Jo makes a presentation about Tapestry’s Horse Ibachakali program to the “Soaring to New Heights” conference sponsored by WINGS Foundation, Denver, September 2014.

President Joanne (Jo) L. Belasco, Esq. came into Tapestry as Vice President, Chief Financial Officer, and Sponsored Research Officer in 1998, and served in that capacity until September of 2007 when she accepted the mantle of President. She received her J.D. from Suffolk University Law School in Boston in 1993 and holds a Bachelor’s degree in Psychology (1990) from Boston College.  She worked as an attorney for the Boston Police Department and was Editor-in-Chief of Law Enforcement Publications for Quinlan Publishing before joining Tapestry.  She is an experienced professional riding instructor and horse trainer.  Belasco initiated and developed Tapestry’s Horse-Human Relationship Program in 2001.  That program led to the creation of Horse Ibachakali, which incorporates horses, mindfulness, and Indigenous worldview to teach people about the relationship between humans and nature.  In 2016, she launched Tapestry’s Earth Law Program, which helps people reconnect to nature by recognizing the rights of the natural world.  She also teaches about areas of environmental law so that people can understand issues concerning the Land, particularly in areas sacred to and inhabited by Indigenous people. She is also an ecopsychology educator and carries out scholarship in the fields of ecofeminism, spiritual ecology, and the horse-human and nature-human relationships.

dawngradstudents

Dawn (seated, left) enjoys visiting with Indigenous research graduate students in Montana, October 2014.

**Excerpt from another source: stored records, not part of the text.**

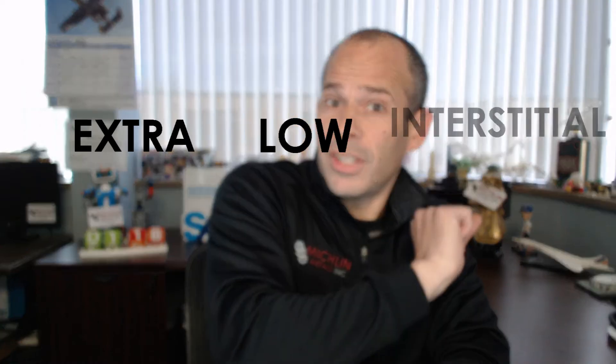As the name suggests, the nominal composition is 6% aluminum and 4% vanadium, thus 6AL4V. Now ELI — what does that mean? E-L-I: extra, low, interstitial.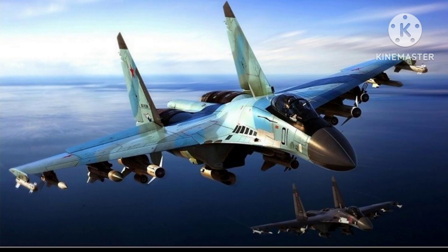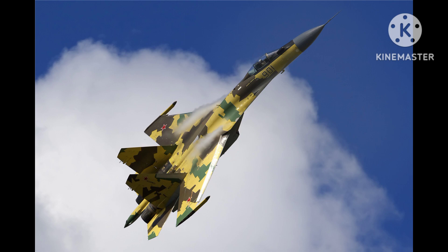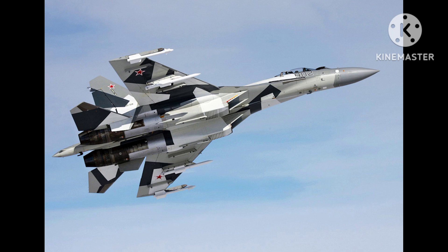The Su-35 is powered by two afterburning turbofan engines that provide a top speed of Mach 2.25 and a range of over 3,000 kilometers. The aircraft has a maximum takeoff weight of 34,500 kilograms and can carry a variety of air-to-air and air-to-ground weapons, including missiles, bombs, and rockets.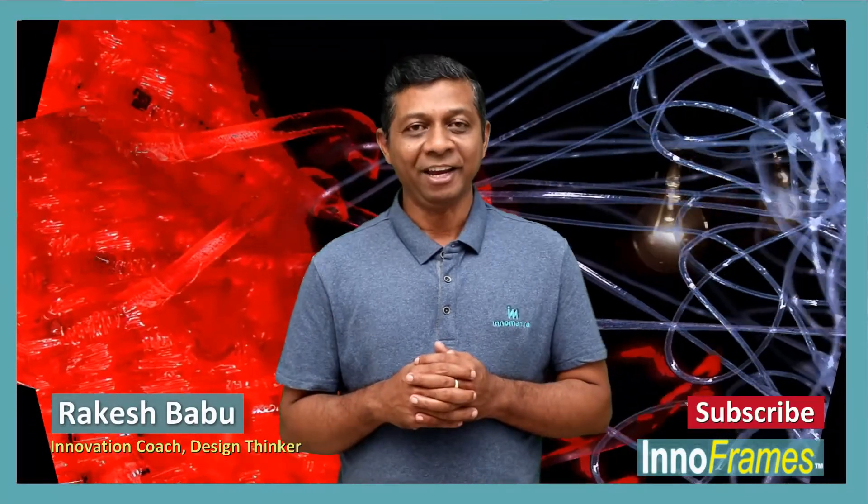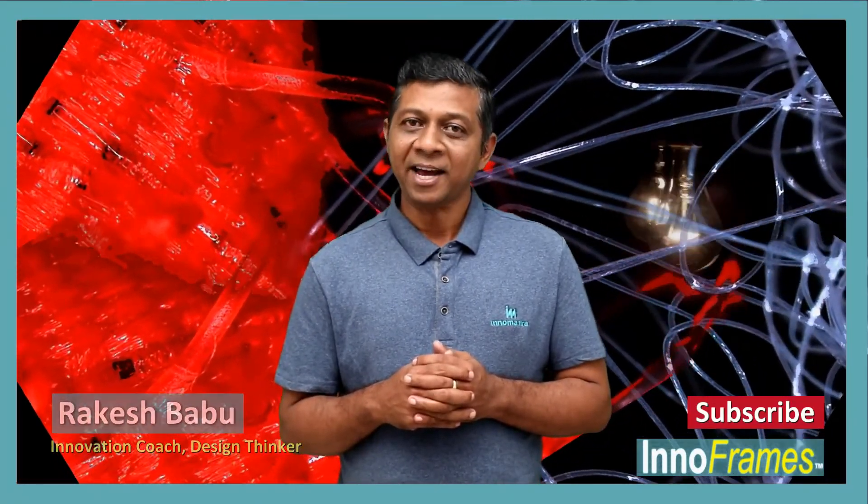Do subscribe to this channel for the next episode of InnoFrames. Till then, bye and take good care of yourself. Thank you.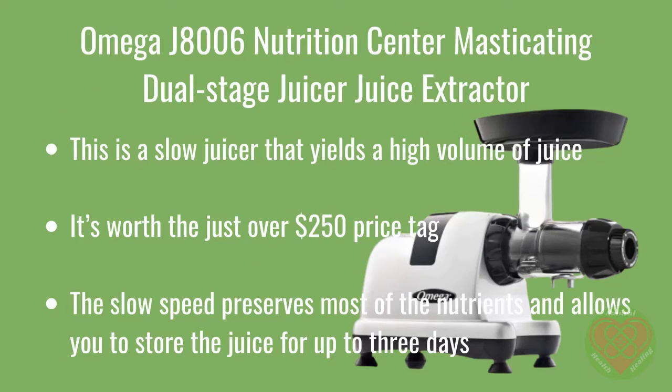The Omega J8006 Nutrition Center Masticating Dual Stage Juicer is a slow juicer that yields a high volume of juice. It's worth the just under $250 price tag. The slow speed preserves most of the nutrients and allows you to store the juice for up to 3 days. It can also chop nuts into peanut butter, prepare baby food, grind coffee, and make fresh pasta with an attachment. It's a hard worker at any price.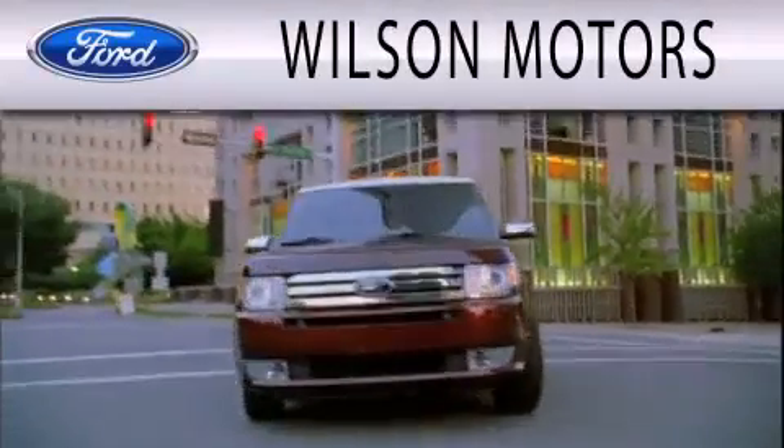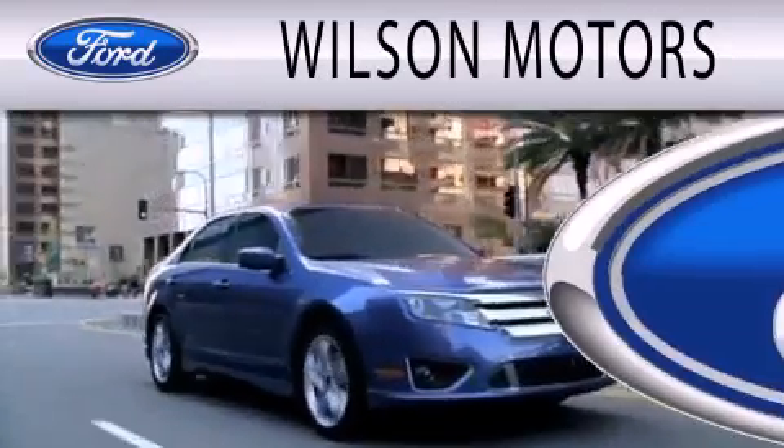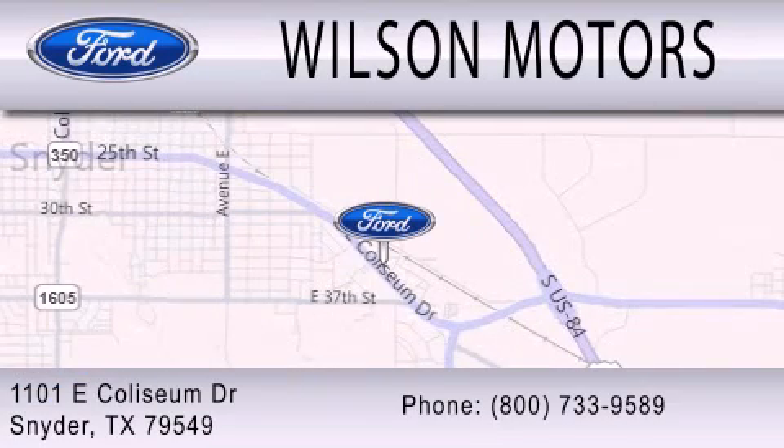Wilson Motors is dedicated to doing everything possible to ensure that the experience you have selecting your next vehicle is as pleasant as possible. We are located at 1101 East Coliseum Drive in Snyder.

Dawn Hill Adams, Ph.D. (Choctaw) is Tapestry’s Founder, Senior Scientist, and Vision Keeper, and was its first President. She has been awarded five grants for science education from the National Science Foundation, is a scientific illustrator and registered Choctaw artist, a speaker, and also an author who is presently working on a book about horse biomechanics. She holds a Doctorate in Vertebrate Paleontology with emphases on biomechanics and evolutionary theory from the University of California, Berkeley (1989).  Her Master’s degree in Systematics and Ecology is from the University of Kansas (1977), as is her Bachelor’s degree in Geology (1974). She taught at Presbyterian College in Clinton, South Carolina from 1986 to 1989, and at Baylor University in Waco, Texas from 1989 to 1998, where she ran a successful graduate program. She has been a member of the American Association for the Advancement of Science, the American Academy of Experts in Traumatic Stress, and the Society of Vertebrate Paleontology. She is presently active in the American Indigenous Research Association. She has delivered keynote addresses to AIRA (2013 and 2014) and the Center for Culturally Responsive Evaluation and Assessment (CREA), in 2014.